KRRI, which has worked on rail canal technology for three years, claims its idea is cheaper than a conventional canal, and has the advantage of not requiring any land separation.

“First of all, [a] rail canal is cost-effective compared with a conventional canal and is environmentally friendly,” Sagong says.

“[A] rail canal doesn’t need deep digging of mountain areas. In case of [the] Kra Isthmus, [a] conventional canal divides the country into two parts; however [the] rail canal avoids the division so that the country can stay united.”

The proposals suggest construction costs would be $4.8bn for 57km of track, and approximately $3.4bn for 51km on the Chumphon route – although Sagong does admit that the cost would depend on the route and its capacity.

KRRI claims the construction cost could be 60% of that for a conventional canal, with the rail concept reducing transit time by up to 50% and cutting travel distance by 2,000km – or around two days of shipping.

“First of all, [a] rail canal is cost-effective compared with a conventional canal and is environmentally friendly.”

“A the waterway canal separates the south region from the main land, which is not acceptable to Thai citizens,” adds Sagong. “The rail canal is the good candidate to solve the problem of division, on the way to [creating] a leading country of maritime logistics in the ASEAN [region].”

The idea has received backing from Tanit Sorat, chairman of V-Serve Logistics, a Thai-owned integrated logistics service provider, who has said it could be cheaper than dredging a conventional canal, although Sorat added he was unsure if rail could carry ships exceeding 100,000 dead weight tonnes.

Chula Sukmanop, director-general of Thailand’s marine department, has cast doubt over the financial viability of the project, saying “if it’s very expensive, investment in the rail canal construction won’t be worth it”.

Meanwhile, Rattapoohm Parichatprecha, director of the Centre of Excellence for Road and Railway Innovation, claimed a new trade route would “help Thailand leap out of its middle-income country trap”.

Technical feasibility: challenging but not insurmountable

According to Sagong, the core technologies of such an idea are challenging – particularly when it comes to location and terrain – but they can be overcome.

“The multi-axle freight cars to support and carry a large vessel of 100,000 tonnes are the core technology,” he says. “The ropeway traction system to lift the vessel to the land track is another, and [these] are innovative enough to be challenging.

“The Kra Isthmus is a mountainous area which requires many water gates for the vessels to climb. However, a rail traction system enables the vessel to climb the slope up to 25%, which is also challenging.”

To those who doubt the feasibility of the initiative, which Sagong admits is the most frequently raised opposition, the answer from the KRRI is clear.

“Experts ask if the rail canal [can be] true, technically,” says Sagong. “However, large vessels are constructed on land and launched to water by traction bogies on rail in Korean shipbuilding industries. A rail canal is the inverse process of launching.”

Chinese interest

Alongside the rail proposal, there have also been reports about a potential agreement between Thai and Chinese officials for a more traditional shipping canal.

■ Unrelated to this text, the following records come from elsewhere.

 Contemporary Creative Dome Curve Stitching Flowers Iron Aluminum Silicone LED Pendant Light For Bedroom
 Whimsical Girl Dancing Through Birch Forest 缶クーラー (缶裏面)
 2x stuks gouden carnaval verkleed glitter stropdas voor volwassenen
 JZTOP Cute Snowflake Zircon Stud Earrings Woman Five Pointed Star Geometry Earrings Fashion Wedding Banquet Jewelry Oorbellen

In May, rumours suggested that companies from both countries had decided to study the idea in more detail, with early reports indicating the canal would be 102km long, 400m wide and 25m deep, built over a period of ten years.

“In May, rumours suggested that companies from both countries had decided to study the idea in more detail.”

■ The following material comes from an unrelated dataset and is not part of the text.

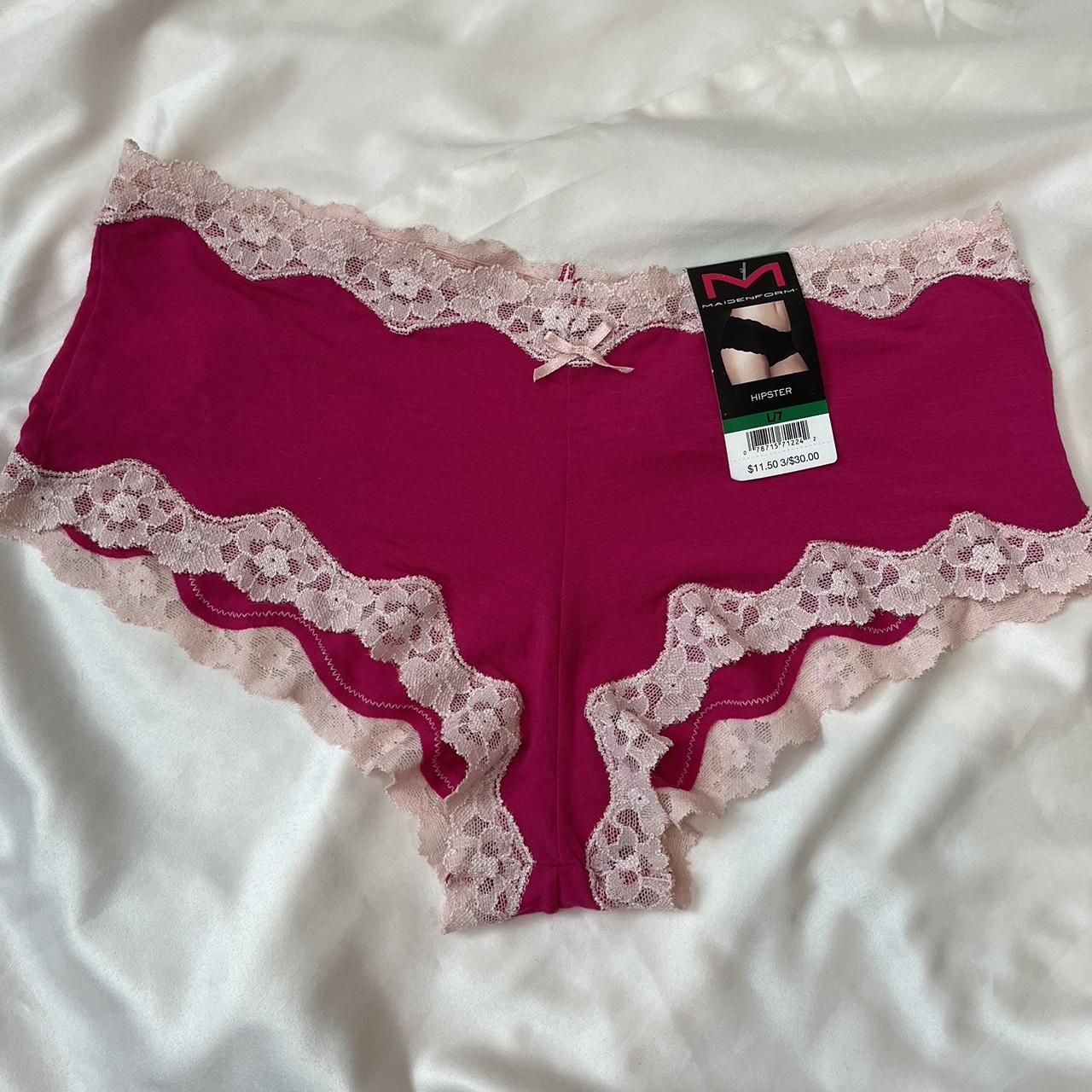 Maidenform Panty pink NWT Hot pink with lace size large - Depop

In an article published on the Nikkei Asian Review website, a Chinese official is reported to have said: “The specifics of the agreement are national secrets and I cannot give you details.”

However, the prospect of a Thailand-China deal to build a canal was played down by a Thai Transport Ministry official, who told Channel News Asia an agreement was unlikely due to “national security” concerns. “It is unlikely for the Kra Canal project to be materialised anytime soon,” the official added.

The publication also claimed that Thailand’s Ministry of Foreign Affairs refuted claims of an accord with China. Nevertheless, certain reports claim that China has announced the project as part of its Maritime Silk Road – an attempt to revive the ancient maritime route.

An uncertain future

Whatever comes of the Chinese interest, KRRI and Sagong are keen to push ahead with a prototype as they seek to convince the doubters.

“The next step is to construct a prototype freight car and evaluate the performance,” says Sagong.

From this, KRRI will develop a small-scale test bed, running over a short distance near the preferred route of the canal. This will allow the team to evaluate the performance and verify that such a system can be constructed, although Sagong adds that raising funds for commercial activities is beyond KRRI’s scope.

“[During the prototyping phase] its concrete economic, social and technical feasibility will be studied and a decision will be made on whether constructing the rail canal is possible or not.”

KRRI is also planning to sign a memorandum of understanding with Thailand’s Naresuan University, a government-sponsored institution. This will allow the two organisations to share ideas around high-speed rail, urban transit and any other relevant rail technologies.

Despite these efforts to push the idea ahead, there are many hurdles that have to be overcome. And, judging by history, it could be yet another canal idea that fails to inspire the doubters. For now, the people of Thailand – and the rest of the world – will simply have to wait and see.